Neutral Density Filters
The neutral density filters, called ND for short, are like sunglasses for your camera. They are gray in color and come in a variety of shades and can be stacked one on another. ND filters are used to control the amount of light coming into your camera and are most often used in very bright situations when you need long exposures or big depth of field. Additionally, ND graduated filters, called ND grad for short, is a filter that starts off as a graduated filter that fades to clear. These are particularly helpful for shooting photos of the horizon where the sky is very bright and the foreground is dark. The ND grad filter will allow you to restrict the amount of light coming in the top half of the framed image while allowing all the light in the bottom.

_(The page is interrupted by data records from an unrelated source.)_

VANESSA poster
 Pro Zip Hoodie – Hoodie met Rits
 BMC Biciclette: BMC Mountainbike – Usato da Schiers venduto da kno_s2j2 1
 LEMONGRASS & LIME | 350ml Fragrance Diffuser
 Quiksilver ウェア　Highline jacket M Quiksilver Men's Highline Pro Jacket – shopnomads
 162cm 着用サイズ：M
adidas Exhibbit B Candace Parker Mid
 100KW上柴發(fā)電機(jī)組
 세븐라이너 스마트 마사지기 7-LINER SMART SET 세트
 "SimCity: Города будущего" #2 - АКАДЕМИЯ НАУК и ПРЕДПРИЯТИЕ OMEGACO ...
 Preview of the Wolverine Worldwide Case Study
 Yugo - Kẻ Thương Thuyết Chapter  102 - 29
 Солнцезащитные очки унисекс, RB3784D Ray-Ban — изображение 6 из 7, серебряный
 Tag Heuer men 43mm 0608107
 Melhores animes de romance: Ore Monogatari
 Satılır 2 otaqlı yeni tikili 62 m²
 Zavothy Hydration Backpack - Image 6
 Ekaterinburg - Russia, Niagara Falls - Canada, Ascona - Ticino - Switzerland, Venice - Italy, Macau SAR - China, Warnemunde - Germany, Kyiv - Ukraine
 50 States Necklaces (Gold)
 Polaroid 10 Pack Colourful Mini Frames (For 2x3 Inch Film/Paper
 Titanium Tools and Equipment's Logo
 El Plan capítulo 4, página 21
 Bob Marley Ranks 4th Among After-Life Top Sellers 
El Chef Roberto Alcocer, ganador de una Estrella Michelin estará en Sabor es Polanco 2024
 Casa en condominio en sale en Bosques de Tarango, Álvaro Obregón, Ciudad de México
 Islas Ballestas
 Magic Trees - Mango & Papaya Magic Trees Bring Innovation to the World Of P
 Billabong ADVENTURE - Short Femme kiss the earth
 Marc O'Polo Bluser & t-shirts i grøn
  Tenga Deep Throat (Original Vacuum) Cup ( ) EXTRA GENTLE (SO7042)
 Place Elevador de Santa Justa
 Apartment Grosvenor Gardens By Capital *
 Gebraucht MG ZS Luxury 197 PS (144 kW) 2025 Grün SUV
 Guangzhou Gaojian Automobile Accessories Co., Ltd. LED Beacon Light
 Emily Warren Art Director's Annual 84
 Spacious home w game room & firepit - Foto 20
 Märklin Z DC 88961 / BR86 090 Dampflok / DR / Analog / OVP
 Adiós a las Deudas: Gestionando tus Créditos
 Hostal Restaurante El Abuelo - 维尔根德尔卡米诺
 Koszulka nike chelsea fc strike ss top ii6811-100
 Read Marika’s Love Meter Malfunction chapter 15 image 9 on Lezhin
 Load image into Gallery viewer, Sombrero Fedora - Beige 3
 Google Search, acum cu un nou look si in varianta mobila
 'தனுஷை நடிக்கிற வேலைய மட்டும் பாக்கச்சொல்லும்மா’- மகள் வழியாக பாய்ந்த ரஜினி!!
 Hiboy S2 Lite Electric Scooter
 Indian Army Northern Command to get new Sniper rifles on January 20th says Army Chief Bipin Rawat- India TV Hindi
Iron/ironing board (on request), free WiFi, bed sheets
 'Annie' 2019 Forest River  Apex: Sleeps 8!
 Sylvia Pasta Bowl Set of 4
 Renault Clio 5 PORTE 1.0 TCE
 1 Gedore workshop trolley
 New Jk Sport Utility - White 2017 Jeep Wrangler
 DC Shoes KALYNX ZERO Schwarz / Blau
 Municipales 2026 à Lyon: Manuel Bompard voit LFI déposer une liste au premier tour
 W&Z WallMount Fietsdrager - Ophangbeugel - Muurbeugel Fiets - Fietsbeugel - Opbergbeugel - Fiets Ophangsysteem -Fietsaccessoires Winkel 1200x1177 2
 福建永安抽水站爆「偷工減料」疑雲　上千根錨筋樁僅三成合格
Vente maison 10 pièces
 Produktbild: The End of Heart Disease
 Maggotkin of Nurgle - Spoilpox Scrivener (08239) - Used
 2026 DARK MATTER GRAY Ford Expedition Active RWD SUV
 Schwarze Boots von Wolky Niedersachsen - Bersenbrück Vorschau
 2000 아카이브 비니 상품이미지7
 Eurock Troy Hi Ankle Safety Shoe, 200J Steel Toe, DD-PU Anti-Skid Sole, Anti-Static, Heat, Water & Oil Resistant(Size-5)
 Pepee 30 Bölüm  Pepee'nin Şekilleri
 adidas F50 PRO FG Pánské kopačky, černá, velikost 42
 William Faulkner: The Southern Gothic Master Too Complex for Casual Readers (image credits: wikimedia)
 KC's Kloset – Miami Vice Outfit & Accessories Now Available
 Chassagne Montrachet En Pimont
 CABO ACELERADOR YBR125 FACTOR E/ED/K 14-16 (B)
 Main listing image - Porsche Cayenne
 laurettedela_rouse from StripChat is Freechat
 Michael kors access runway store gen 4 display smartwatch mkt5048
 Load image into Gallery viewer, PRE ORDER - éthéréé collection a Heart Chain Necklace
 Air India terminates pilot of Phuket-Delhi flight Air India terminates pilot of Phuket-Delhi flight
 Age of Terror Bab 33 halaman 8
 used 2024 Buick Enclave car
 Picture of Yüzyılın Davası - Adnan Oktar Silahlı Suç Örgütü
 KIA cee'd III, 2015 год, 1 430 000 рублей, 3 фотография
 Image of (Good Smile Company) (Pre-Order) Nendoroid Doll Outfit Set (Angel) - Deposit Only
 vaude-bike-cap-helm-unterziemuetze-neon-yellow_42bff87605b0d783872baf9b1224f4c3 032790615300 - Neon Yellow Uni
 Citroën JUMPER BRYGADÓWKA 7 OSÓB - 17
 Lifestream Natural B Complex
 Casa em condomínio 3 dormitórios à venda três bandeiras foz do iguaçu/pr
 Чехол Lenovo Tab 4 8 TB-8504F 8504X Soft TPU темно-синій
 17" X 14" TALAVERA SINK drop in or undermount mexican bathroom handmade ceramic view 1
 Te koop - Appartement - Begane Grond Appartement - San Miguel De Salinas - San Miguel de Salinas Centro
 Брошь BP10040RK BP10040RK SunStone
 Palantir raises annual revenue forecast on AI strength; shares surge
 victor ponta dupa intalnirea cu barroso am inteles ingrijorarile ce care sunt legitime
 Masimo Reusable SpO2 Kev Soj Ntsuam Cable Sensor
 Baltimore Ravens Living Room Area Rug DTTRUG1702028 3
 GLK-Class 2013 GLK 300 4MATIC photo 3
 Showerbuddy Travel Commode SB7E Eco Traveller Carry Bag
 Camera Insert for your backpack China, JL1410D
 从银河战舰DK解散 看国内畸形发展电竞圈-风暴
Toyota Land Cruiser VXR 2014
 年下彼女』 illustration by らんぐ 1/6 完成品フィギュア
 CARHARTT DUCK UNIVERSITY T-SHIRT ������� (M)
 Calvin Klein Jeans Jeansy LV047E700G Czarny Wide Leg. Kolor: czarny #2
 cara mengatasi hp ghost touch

Circular Polarizing Filters
Perhaps the most common filter used on camera by photographers is a circular polarizing filter. The filter will rotate on the end of your lens and give you different results. It's meant to be used to cut glare and reflection from glass and water and increase vibrancy in colors. While it's possible to increase saturation during post processing you'll still almost always have a better image when you do it in camera first. Additionally, there is no easy way to remove reflections in post processing, so a circular polarizing filter is a must-have for everything from architecture, water sports, automotive and anywhere else a reflection or glare is not desired.
In digital photography, post processing is where you will start to use digital color filters that would have been traditionally used with film. A large number of third party filter, plugin and preset companies are out there to help you replicate and tweak your images. Nik, Kubota and OnOne are some of the more well known, but there are hundreds of smaller companies cranking out quality filters.
What post processing do you suggest. Kubota, Totally Rad, others?
Michael, all of them – to be honest I use both of those and a half dozen more. There isn’t one set of actions or presets that will give you everything you want. Sadly, I’ve found that some of the mega-packs of 50-100 actions only yield me 3 or 4 that I like.
Do you have favorite brands?
Hi Mike Panic
Before I buy Filters I want to be sure of one thing; the higher nr the filter has, the less light will get throught to your camera ??(sorry for bad technical english 🙂 )
Would you recommend stacking a UV filter and a circular polarizing filter when taking an outdoor landscape shot in bright strong sunlight?